## EXERCISE OBJECTIVE
Retype all of the listing exactly, with no pictures.

## SUPPLIED INFORMATION
══════
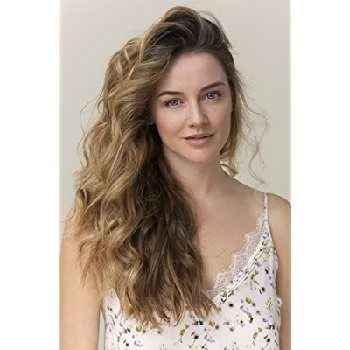 Yulia Demóss - Age, Bio, Birthdate, Family, Networth & More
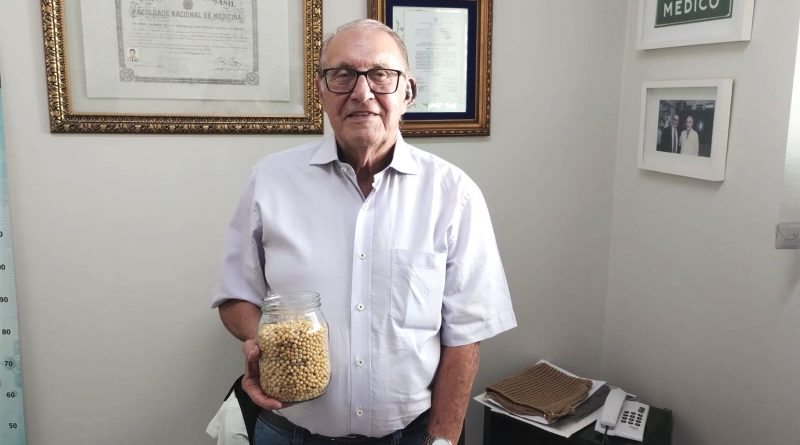 Da Medicina à Agricultura: Dr. Teixeira apresenta sementes de soja, de sua propriedade, que serão comercializadas Brasil afora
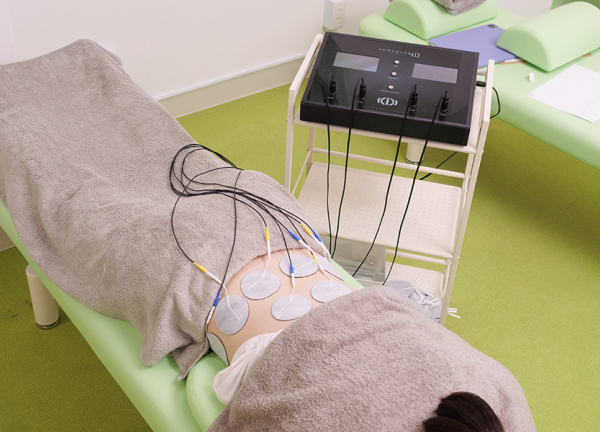 ＮＯＭＯＫＯＴＳＵ鍼灸整骨院　松原商店街院(EMSで体幹を鍛えます。)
══════
## RESPONSE BOX
 Yulia Demóss - Age, Bio, Birthdate, Family, Networth & More
 Da Medicina à Agricultura: Dr. Teixeira apresenta sementes de soja, de sua propriedade, que serão comercializadas Brasil afora
 ＮＯＭＯＫＯＴＳＵ鍼灸整骨院　松原商店街院(EMSで体幹を鍛えます。)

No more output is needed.